Cuchillo sin filo

Francisco Correal

Doble nostalgia de una madre

LA vida está llena de casualidades. Entre que la película era malísima, "tiene que ser española", decía mi compañera de asiento antes de que apareciera Álex de la Iglesia como figurante, y que faltaba poco tiempo para ir a tomar una cerveza, dejamos nuestras respectivas lecturas y nos pusimos a hablar en el tramo final del AVE. Como los autores de los libros que leíamos forman parte del sector más joven de la Academia de la Lengua, más de una vez habrán compartido charla, incluso mantel o pasaje de avión Arturo Pérez-Reverte y Antonio Muñoz Molina. Ella se llama Carolina y con la lectura de La piel del tambor saldaba dos cuentas de su nostalgia: la acción la trasladaba a la ciudad en la que nació y abandonó hace 31 años para irse a Madrid cuando se casó; y la cuna del propio escritor, Cartagena, la mantiene en contacto con el destino laboral de uno de sus tres hijos. Otro tiene previsto hacer un curso de perfeccionamiento de ingeniería informática en Estados Unidos y otro pretende terminar los estudios de Arquitectura Técnica antes de que lo coja el Plan Bolonia. Carolina no ha perdido el acento del sur, quizá por mantener una tradición familiar: su madre iba de Huelva a Sevilla para dar a luz. Ella viajó embarazada de sus tres hijos de Madrid a Huelva para que tuvieran ese rango de choqueros. Yo cerré La noche de los tiempos con Madrid soliviantado por la guerra y escribo estas líneas en la Ciudad Universitaria, escenario del proyecto profesional en el que trabajaba Ignacio Abel, el arquitecto protagonista antes de emprender el viaje del exilio.

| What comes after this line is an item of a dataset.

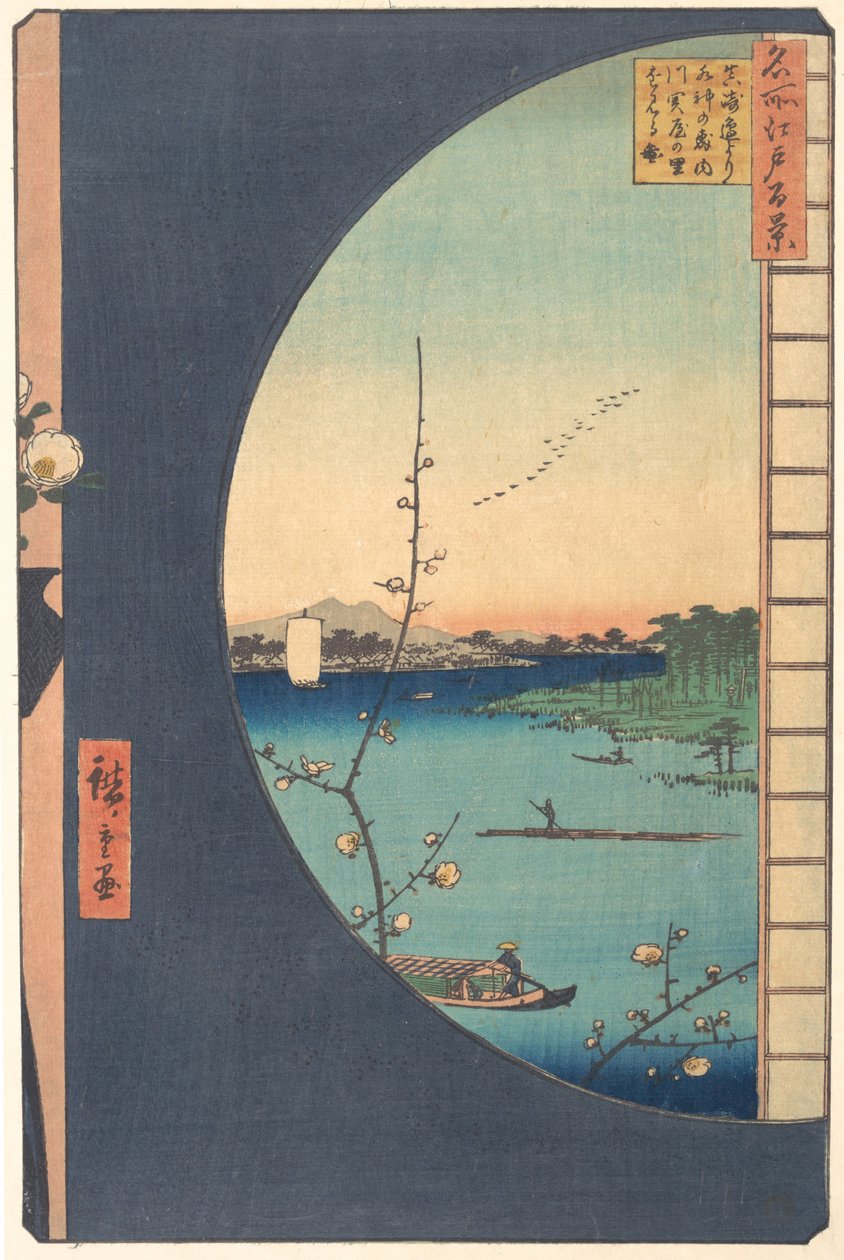 Fra Suzaki udg. , 1857. af Ando Hiroshige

Me despedí de Carolina en el andén y en la estación de Atocha conocí a otra Carolina venezolana que trabaja que Barcelona en proyectos audiovisuales. Venía con una compañera italiana de Livorno, cerca de Pisa, para grabar las jornadas de un Foro sobre Sociedad y Deporte al que acudí como ponente. Los dos cerramos a la vez la llave de nuestras habitaciones en el hotel Príncipe Pío. Bajamos juntos en el ascensor. Desayunamos en mesas adyacentes y nos turnamos en la lectura de los periódicos. Una hora después descubrí que era quien me precedía como ponente en dicho Foro. Juan Villoro es un tipo brillantísimo. Hablar después de él, dije al auditorio, era como ver después de la final del Mundial el Nueva Zelanda-Eslovaquia. Menos mal que mi autoestima se vio confortada cuando mi presentador me confundió con Rafael Gordillo. Villoro es mexicano, hijo de exiliados. Participó en el taller de cuentos de Augusto Monterroso y con veintipocos años fue agregado cultural en la Embajada de México en el antiguo Berlín Oriental. Mi compañero de pasillo y ascensor.

Lo que dio de sí un viaje entre Carolina del norte (de Venezuela) y Carolina del Sur (andaluza en Madrid).